More wonderful economics from Zimbabwe

Zimbabwe has released a "People's Budget". Read and weep, I don't have words to comment on this bizarre step! And then you had thousands of Zimbabweans celebrating the Great Leader's leadership and wanting him to rule again next year. People get the leadership they deserve?

 

Presenting a so-called "people's budget" to parliament yesterday, Samuel Mumbengegwi, the Zimbabwe finance minister, devalued the Zimbabwe dollar by some 99 per cent, while forecasting a return to positive economic growth in 2008 accompanied by a slowdown in inflation.

With parliamentary and presidential elections scheduled for next March the tag "people's budget" is justified by cuts in personal tax, the zero rating for value added tax purposes of pork products - now the only meat available for low-income consumers - and a long list of government spending pledges designed to "kickstart" the economy.

Political analysts say the budget is mostly irrelevant, since Zimbabweans in urban areas will not believe the numbers, forecasts or promises.

But they agree that, notwithstanding rapidly worsening hyperinflation and country-wide shortages of food, fuel and electricity, President Robert Mugabe is on course to win a comfortable victory next March.

In a muddled presentation, in which the figures in his speech conflicted with those in the official Blue Book, Mr Mumbengegwi said the Zimbabwe economy had performed "remarkably well" despite "illegal economic sanctions imposed upon us by Britain and the west".

He claimed a 4 per cent increase in agricultural production, while acknowledging that output of maize, the country's food staple, fell 36 per cent.

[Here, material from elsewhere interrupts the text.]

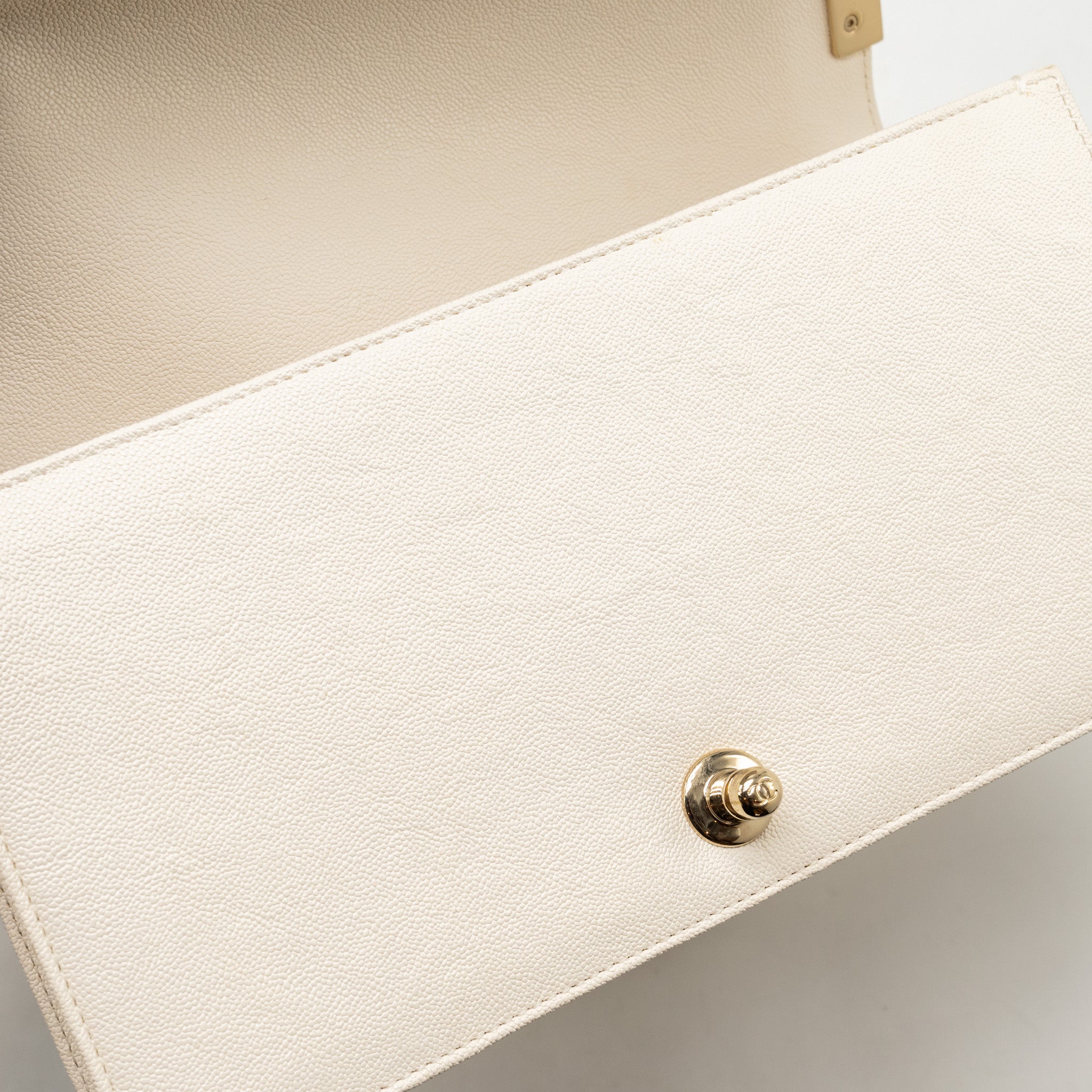 chanel-medium-boy-bag-caviar-white-lghw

Exports, he said, rose 6.4 per cent in US dollar terms, though this still left them at about half their levels of the late 1990s.

In order not to offend Mr Mugabe's sensitivities on the issue, the finance minister camouflaged currency devaluation by referring only to the effective rate at which import duty would be levied.

From Monday customs duties on imports would be levied at an effective exchange rate of Z$270,000 to the US dollar, up from the $30,000 figure announced only three months ago.

Mr Mumbengegwi admitted that it had not been possible to calculate an inflation figure for October with the revealing comment that "many items included in the consumer basket have not been available in the shops".

Economists say it is impossible to take many of the budgetry numbers seriously given the discrepancies in the official figures and the huge inflation-driven variance between original and revised budget figures for 2007. These too are incomplete, with no budget deficit figure, nor an estimate of gross domestic product for 2007.